**** Input data ****
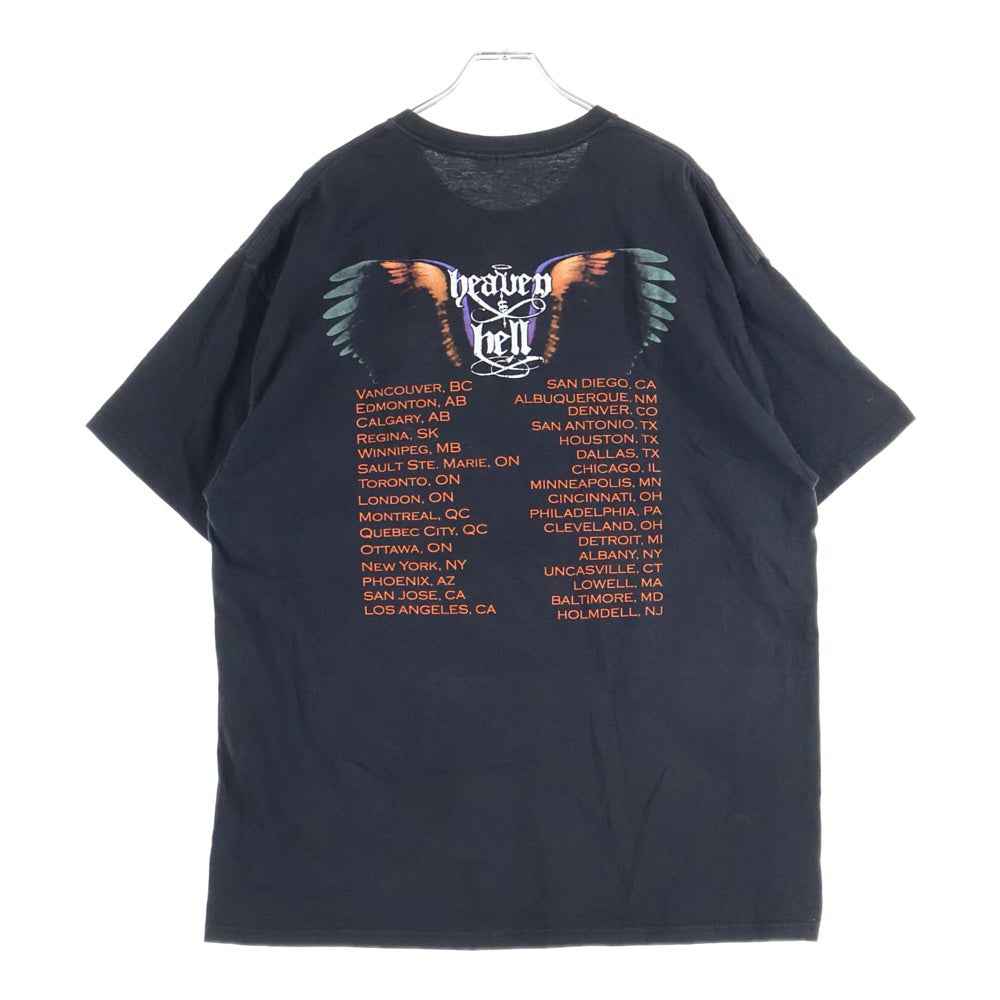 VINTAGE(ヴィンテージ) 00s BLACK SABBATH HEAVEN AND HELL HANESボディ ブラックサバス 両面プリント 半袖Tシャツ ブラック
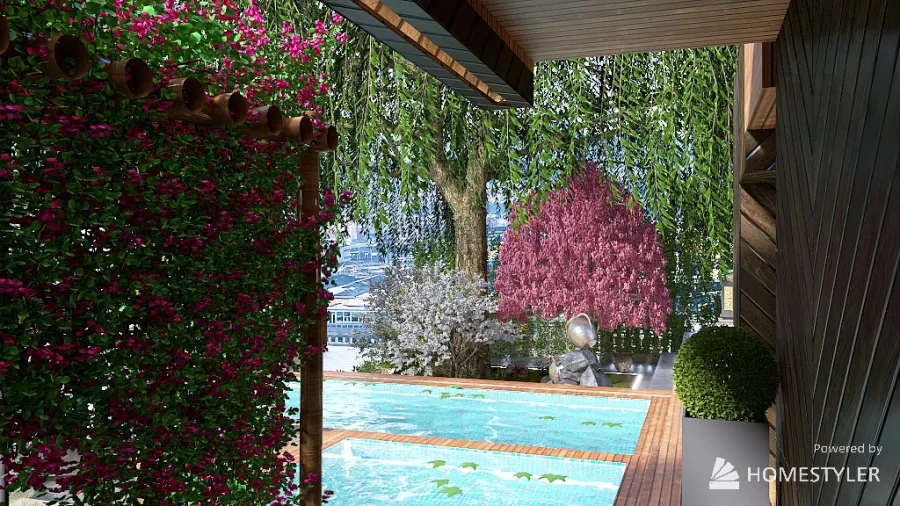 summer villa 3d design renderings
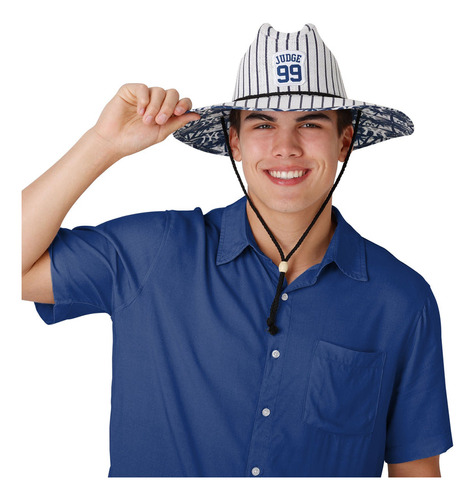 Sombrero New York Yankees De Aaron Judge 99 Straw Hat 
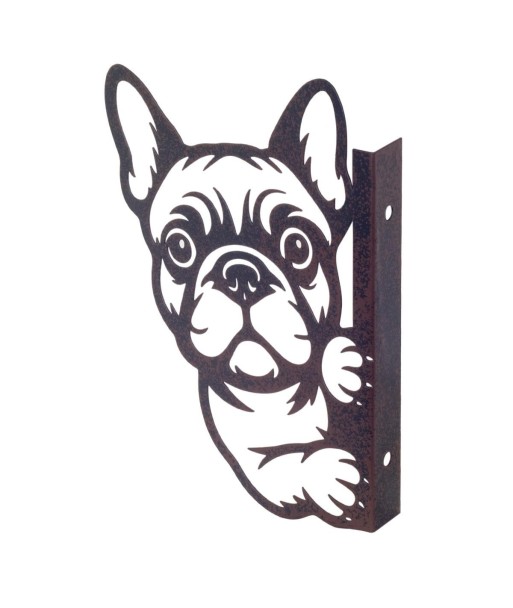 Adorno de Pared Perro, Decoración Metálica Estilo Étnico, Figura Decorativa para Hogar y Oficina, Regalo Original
****
__Task instructions__. Nothing but the lines from the line with "summer villa 3d design renderings" through the last line of the data above should be printed, exactly as written and without pictures.

__Solution for this task__.
 summer villa 3d design renderings
 Sombrero New York Yankees De Aaron Judge 99 Straw Hat 
 Adorno de Pared Perro, Decoración Metálica Estilo Étnico, Figura Decorativa para Hogar y Oficina, Regalo Original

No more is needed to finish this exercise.